▶ **Assigned task**: Copy each line below exactly and leave the pictures out.
Start of Source data
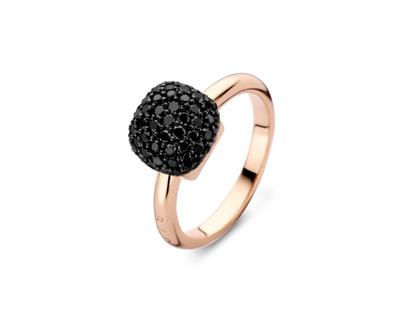 Bigli Mini Sweety "Black Diamonds" Ring Roségold Gr. L mit Brillanten 0,950ct – Ringe Ring mit Besatz aus 750 Rotgold.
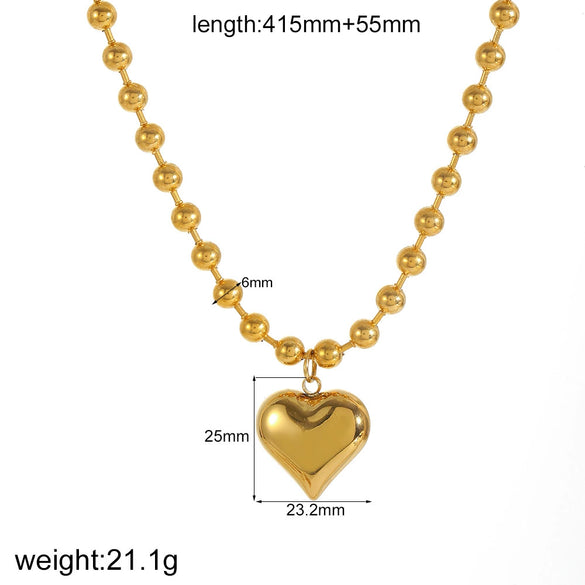 Ladies Fashion Heart Shape Titanium Steel Pendant Necklace With Ball Chain And Electroplating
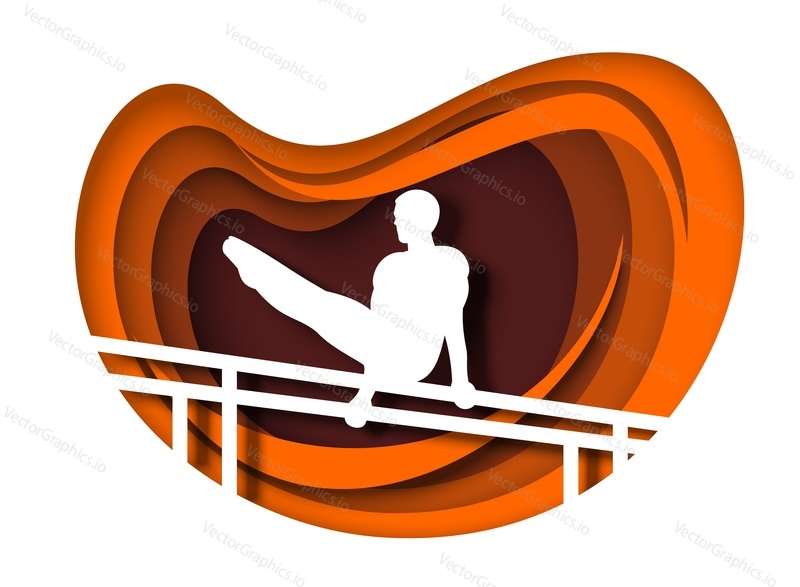 Artistics gymnastics. Male gymnast doing exercises on parallel bars, vector illustration in paper art style. Athlete, sportsman white silhouette. Artistics gymnastics competition.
End of Source data
▶ **Solution**:
 Bigli Mini Sweety "Black Diamonds" Ring Roségold Gr. L mit Brillanten 0,950ct – Ringe Ring mit Besatz aus 750 Rotgold.
 Ladies Fashion Heart Shape Titanium Steel Pendant Necklace With Ball Chain And Electroplating
 Artistics gymnastics. Male gymnast doing exercises on parallel bars, vector illustration in paper art style. Athlete, sportsman white silhouette. Artistics gymnastics competition.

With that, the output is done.